I wouldn't doubt for a moment that you might be smarter than anyone assigned to such a project. But I strongly suspect that such a project would be strongly resisted, by liberals. Which is why I think you would have to convince them.

"Seb, I'm trying really hard to believe that you have real concerns about voter fraud, as opposed to a desire to reduce minority voting. However, it would be easier to do that if you showed a little interest in actual voter fraud investigations. Alternatively, you could continue to argue that we cannot ever measure voter fraud without imposing radical identification requirements."

You may have confused me with someone who has actual power.
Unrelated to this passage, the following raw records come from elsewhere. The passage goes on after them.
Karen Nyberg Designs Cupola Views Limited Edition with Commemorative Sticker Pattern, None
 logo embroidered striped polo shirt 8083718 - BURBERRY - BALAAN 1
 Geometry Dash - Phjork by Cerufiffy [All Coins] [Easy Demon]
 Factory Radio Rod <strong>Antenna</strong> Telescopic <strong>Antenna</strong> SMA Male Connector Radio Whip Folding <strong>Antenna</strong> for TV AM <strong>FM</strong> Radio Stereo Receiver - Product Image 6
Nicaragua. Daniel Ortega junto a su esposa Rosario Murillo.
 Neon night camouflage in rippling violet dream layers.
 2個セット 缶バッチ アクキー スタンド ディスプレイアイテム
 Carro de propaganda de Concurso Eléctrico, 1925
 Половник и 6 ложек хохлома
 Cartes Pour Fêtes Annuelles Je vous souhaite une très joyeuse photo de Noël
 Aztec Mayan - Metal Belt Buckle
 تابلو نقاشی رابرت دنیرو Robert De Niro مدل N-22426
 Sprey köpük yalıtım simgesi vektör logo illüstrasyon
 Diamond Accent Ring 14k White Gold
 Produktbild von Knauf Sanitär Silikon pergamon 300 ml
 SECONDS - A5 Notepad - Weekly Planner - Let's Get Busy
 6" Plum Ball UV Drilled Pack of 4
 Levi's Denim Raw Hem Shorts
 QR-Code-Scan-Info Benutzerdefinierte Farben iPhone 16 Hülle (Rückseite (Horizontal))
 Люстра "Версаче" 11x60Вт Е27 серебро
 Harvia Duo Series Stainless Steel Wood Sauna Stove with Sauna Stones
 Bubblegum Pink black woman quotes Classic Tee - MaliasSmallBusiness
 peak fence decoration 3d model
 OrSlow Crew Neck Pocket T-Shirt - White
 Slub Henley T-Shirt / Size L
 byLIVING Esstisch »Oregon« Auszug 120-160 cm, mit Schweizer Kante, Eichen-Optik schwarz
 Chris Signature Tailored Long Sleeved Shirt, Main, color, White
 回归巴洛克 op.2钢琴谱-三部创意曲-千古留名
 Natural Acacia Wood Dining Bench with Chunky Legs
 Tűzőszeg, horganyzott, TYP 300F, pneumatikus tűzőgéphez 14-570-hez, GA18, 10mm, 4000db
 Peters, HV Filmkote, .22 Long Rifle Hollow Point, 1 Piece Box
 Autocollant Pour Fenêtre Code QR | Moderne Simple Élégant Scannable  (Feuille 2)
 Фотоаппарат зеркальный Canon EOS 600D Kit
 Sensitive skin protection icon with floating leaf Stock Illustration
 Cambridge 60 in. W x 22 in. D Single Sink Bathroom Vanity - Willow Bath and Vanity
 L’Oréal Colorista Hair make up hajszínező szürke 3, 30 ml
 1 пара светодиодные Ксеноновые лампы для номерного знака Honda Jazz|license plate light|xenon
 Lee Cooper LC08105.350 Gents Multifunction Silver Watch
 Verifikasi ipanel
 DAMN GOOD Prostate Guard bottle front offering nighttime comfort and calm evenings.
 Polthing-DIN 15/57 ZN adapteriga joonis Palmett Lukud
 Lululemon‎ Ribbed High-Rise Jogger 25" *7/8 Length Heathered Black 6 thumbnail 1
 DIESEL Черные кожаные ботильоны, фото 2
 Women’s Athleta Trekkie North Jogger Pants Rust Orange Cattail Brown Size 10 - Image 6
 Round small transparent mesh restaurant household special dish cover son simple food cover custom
I regret to admit that I don't. As for radical identification requirements for voting, lots of other countries require some sort of actual identification. It isn't unheard of. I'm not saying that is dispositive--just that it isn't radical.

Who are the authorities who can order that a business not give employees a paid day off, and what authority did those authorities use?

I assume it was based on a law saying you can't offer someone anything of value as enticement to vote. A paid day off is something of value.

You could give all your employees Election Day as a paid day off, naturally. But a law like that would prohibit you from conditioning it on actually voting. It's a fine distinction, I grant you.

"I assume it was based on a law saying you can't offer someone anything of value as enticement to vote."

Is it illegal in some places to do that, rather than it being illegal to offer someone anything of value as enticement to vote in a specific way?

I'm not disagreeing: I just hadn't realized or been aware of that, if so. Does anyone have a pointer on how widespread such laws are? (Yes, I can google, but I'm feeling lazy, and not to mention crappy, so I'm asking first.)

Sebastian... "I lived out of my car for two months for God's sake."

Was it a Caddy or a Hummer?

Vote for your favorite song

My kid's choir

instead of

cleek doing moody stuff

I'm a balding-headed link ho now, give me some love, or else you will never actually hear Thullen.

Gary: Is it illegal in some places to do that [offer someone anything of value as enticement to vote], rather than it being illegal to offer someone anything of value as enticement to vote in a specific way?

Yes; in Virginia and Iowa at least, and I believe in many places.

The rationale is, I think, that there are many precincts in which an overwhelming majority of the voters vote one way or the other, so that offering an enticement of value has the effect of an enticement to vote in a specific way.

Common Sense, the procedure you describe is cluster sampling. (As you doubtless know.)

Which means I imagine Republicans would have two problems with it:

One: if the objective is to find out if voter fraud is a widespread problem, it would be only sensible to make clear that the data in the survey can't and won't be used to prosecute or investigate any individiduals. (The UK Census has an unbreakable rule that it doesn't share its raw data with anyone, for just that reason.) I can see Republican politicians calling it an "investigation into voter fraud" rather than "a survey of voting patterns" and then complaining that the people carrying it out were "shielding criminals".

Two: Many conservatives appear to have locked themselves into the belief that cluster sampling is not an effective scientific method of getting data, because if they did believe it, they'd have to believe that around 700 000 people in Iraq have been killed as a result of the US invasion/occupation, and they don't want to. (For all I know, this will be a short-lived rejection, but where it exists, it seems to be absolute.)

"Sebastian... "I lived out of my car for two months for God's sake."

Was it a Caddy or a Hummer?"

It was a VW Rabbit, thanks for wondering.

Sebastian... "I lived out of my car for two months for God's sake."
Was it a Caddy or a Hummer?

Wow, was that spectacularly crass. Sorry about that, Sebastian.